Use the menu command 1 step of VI as many times as needed to answer these questions:

1a. How many iterations of VI are required to turn 1/3 of the states green? (i.e., get their expected utility

values to 100).

1b. How many iterations of VI are required to get all the states, including the start state, to 100?

1c. From the Value Iteration menu, select Show Policy from VI. (The policy at each state is indicated by the outgoing red arrowhead. If the suggested action is illegal, there could still be a legal state transition due to noise, but the action could also result in no change of state.) Describe this policy. Is it a good policy? Explain.

2. Repeat the above setup except for 20% noise.

2a. How many iterations are required for the start state to receive a nonzero value?

2b. At this point, view the policy from VI as before. Is it a good policy? Explain.

2c. Run additional VI steps to find out how many iterations are required for VI to converge. How many is it?

2d. After convergence, examine the computed best policy once again. Has it changed? If so, how? If not, why not? Explain.

3. Now try simulating the agent following the computed policy. Using the VI Agent menu, select Reset state to s0. Then select Perform 10 actions. The software should show the motion of the agent taking the actions shown in the policy. Since the current setup has 20% noise, you may see the agent deviate from the implied plan. Run this simulation 10 times, observing the agent closely.

3a. In how many of these simulation runs did the agent ever go off the plan?

3b. In how many of these simulation runs did the agent arrive in the goal state (at the end of the golden path)?

3c. For each run in which the agent did not make it to the goal in 10 steps, how many steps away from the goal was it?

3d. Are there parts of the state space that seemed never to be visited by the agent? If so, where (roughly)?

PART B: Implement Q-Learning

Implement Q-learning to work in two contexts. In one context, a user can drive the agent through the problem space by selecting actions through the GUI. After each action is executed by the system, your handle_transition function will be called, and you should program it to use the information provided in the call to do your Q-value update.
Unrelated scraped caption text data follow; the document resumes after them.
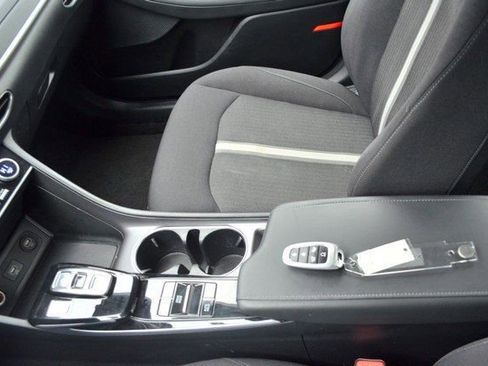 Used 2022 Hyundai Sonata SEL w/ Cargo Package image 25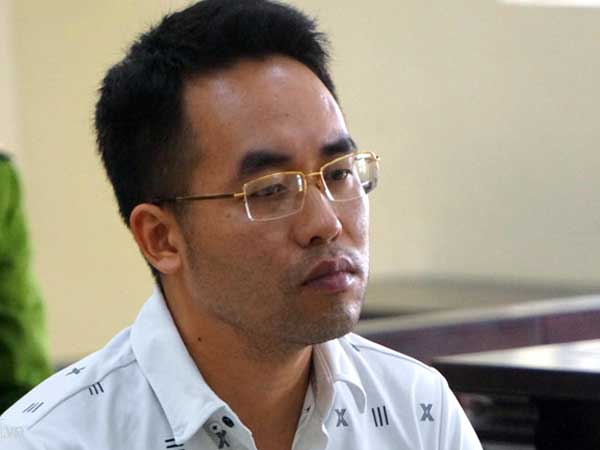 Hot girl trong phim Người phán xử xuất hiện ở tòa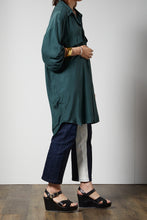 画像をギャラリービューアに読み込む, Dark green silk shirts
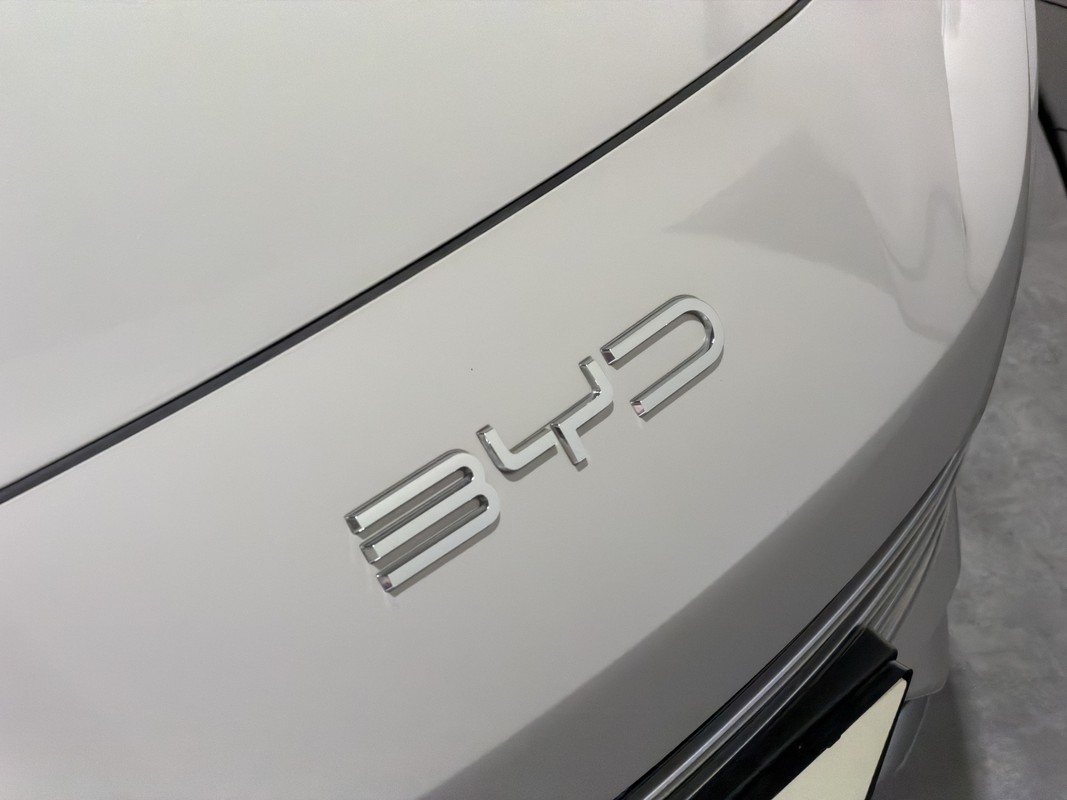 BYD SEAL U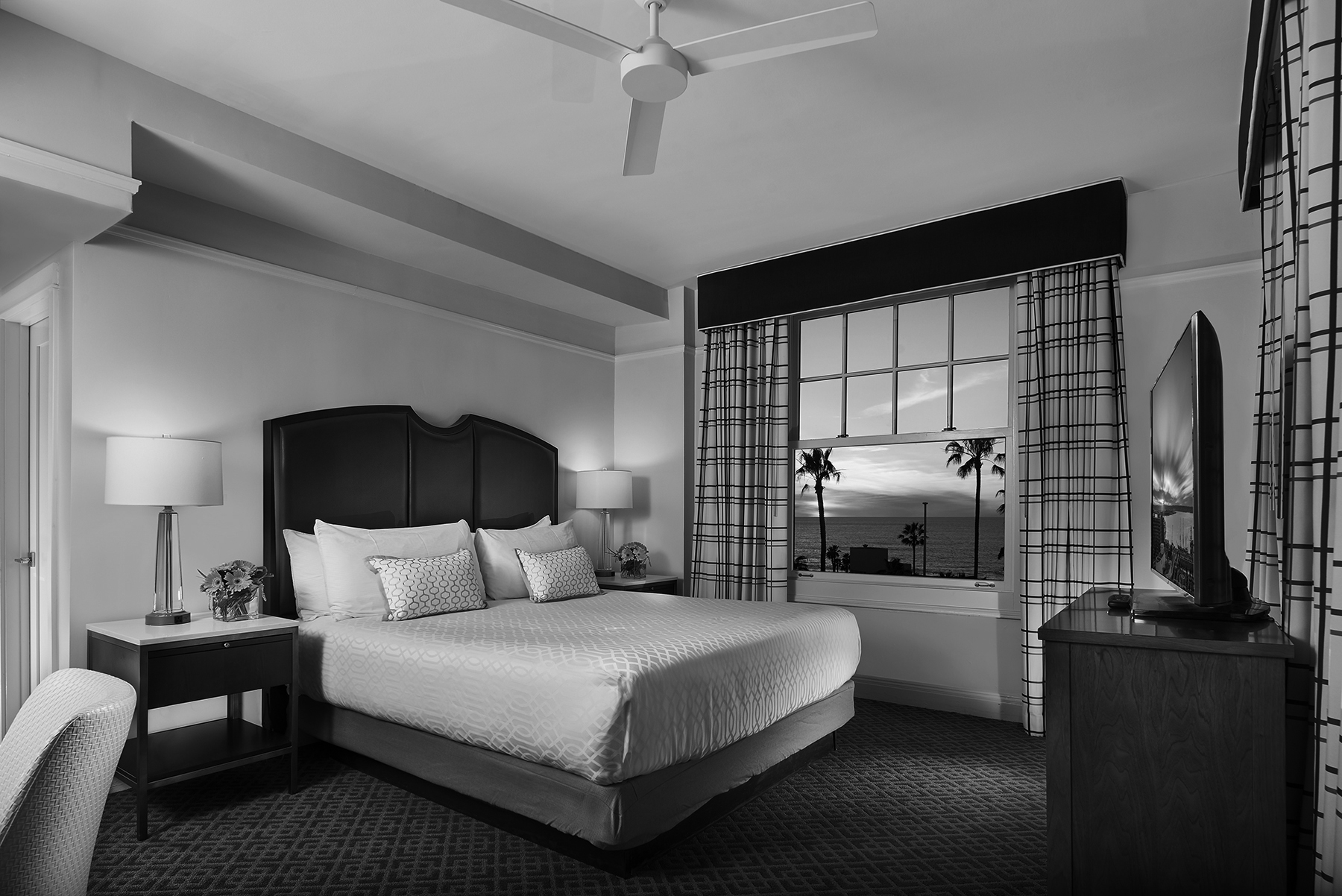 guest room photo in black and white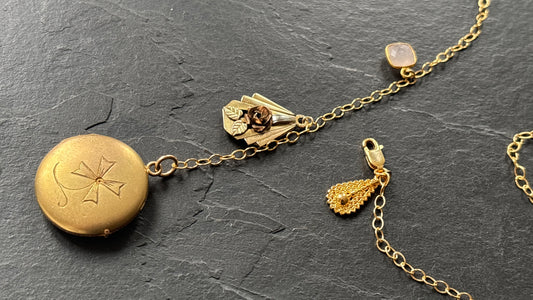 Collier lasso, médaillon a secret et pendentif Art Deco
In the second context, your function choose_next_action will be called, and it should perform two things: (1) use the information provided about the last transition to update a Q-value (similar to in the first context), and (2) select an action for the next transition. The action may be an optimal action (based on existing Q-values) or better, an action that makes a controlled compromise between exploration and exploitation. For auto-grading purposes, you should not add or modify any randomness yourself. Rather, use the provided random generator functions in the skeleton code.

In order to control the compromise, you should implement epsilon-greedy Q-learning. You should provide two alternatives: (a) fixed epsilon, with the value specified by the GUI or the system (including possible autograder), and (b) custom epsilon-greedy learning as specified in the starter code. In the latter, your program can set an epsilon value and change it during the session, in order to gradually have the agent focus more on exploitation and less on exploration. Similarly, you should do the same for the learning rate alpha.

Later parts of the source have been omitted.